โ Legal Notice
| Term | Detail |
| Provider | Navolon LLC, a limited liability company registered in the State of New York, United States |
| Effective date | [DATE] |
| Contact | [email protected] |
These Terms and Conditions ('Terms') govern the relationship between the Provider and all Participants in the GCC Business Wartime Masterclass. Please read them carefully before enrolling.
Clause 1
Definitions
In these Terms:
"Program" means the GCC Business Wartime Masterclass, including all SIGNAL, SHIELD, and STRONGHOLD tiers.
"Provider" means Navolon LLC, trading as GCC Business Wartime Masterclass.
"Participant" means any individual who enrolls in or accesses the Program.
"Content" means all materials, videos, workbooks, assessments, templates, frameworks, and other resources forming part of the Program.
"Deliverable" means any document, plan, or tool created by a Participant during the Program.

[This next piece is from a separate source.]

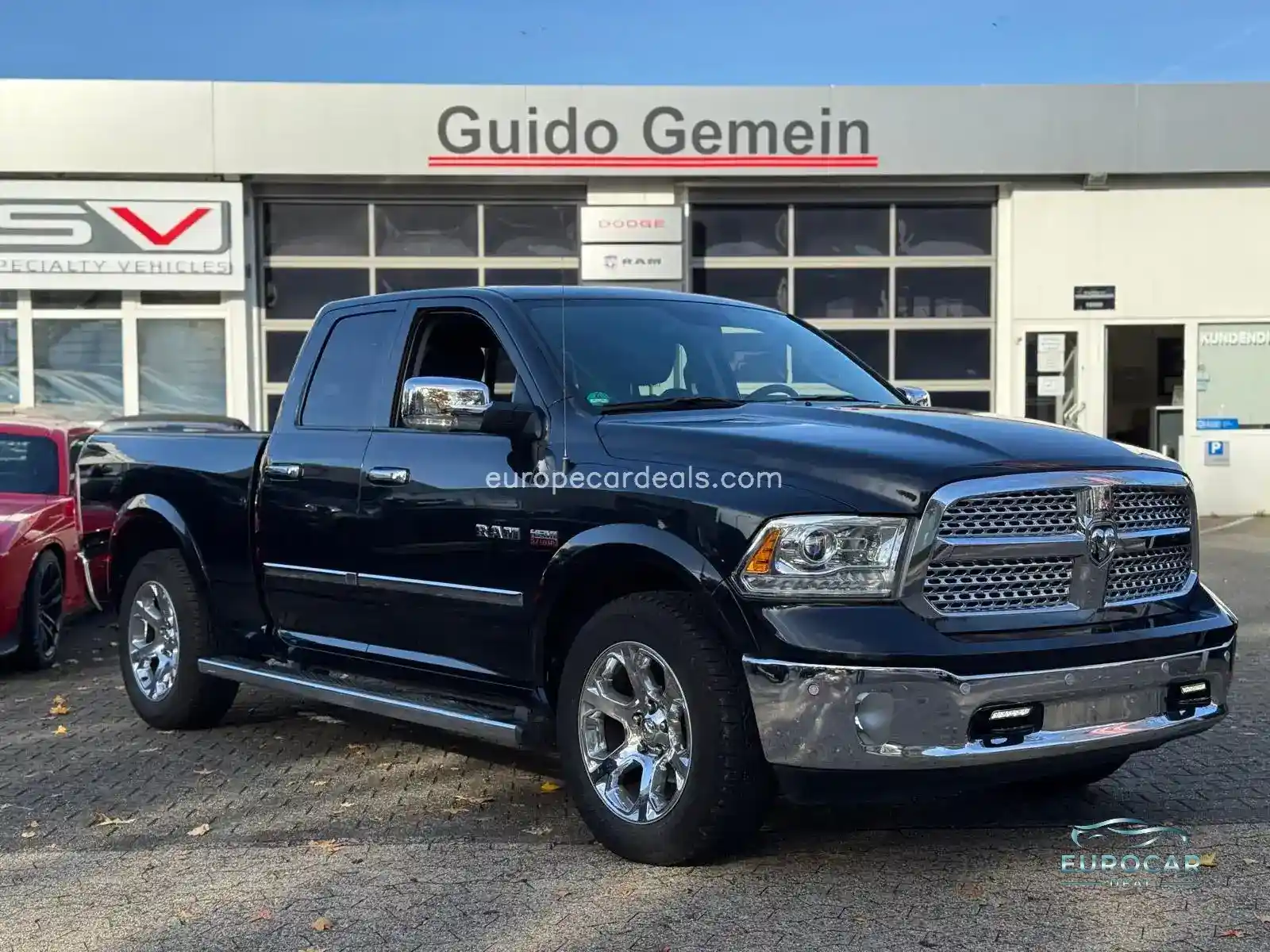 Dodge RAM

"Assessment" means the formal evaluation of a Participant's Deliverable against the Program's assessment rubric.
Clause 2
Acceptance of Terms
By enrolling in or accessing the Program, the Participant agrees to be bound by these Terms and Conditions in their entirety. If the Participant does not agree to these Terms, they must not enroll in or access the Program.

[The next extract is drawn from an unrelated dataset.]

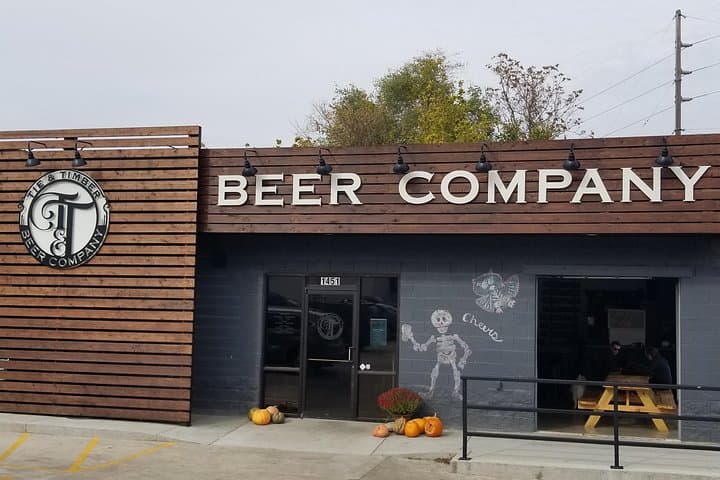 Ozark Craft Beverage Brewery Tour — Springfield Ozarks Beer Tasting Experience photo 2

These Terms constitute the entire agreement between the Provider and the Participant in relation to the Program and supersede all prior representations, discussions, or agreements.
Clause 3
Program Enrollment
3.1Enrollment in SIGNAL is confirmed upon receipt of full payment. Access to the LMS platform is granted within 24 hours of payment confirmation.
3.2Enrollment in SHIELD is confirmed upon receipt of full payment and written confirmation from the Provider. Places are limited to 20 participants per cohort. Payment does not guarantee enrollment if the cohort is full at the time of payment โ in such cases a full refund will be issued within 7 business days.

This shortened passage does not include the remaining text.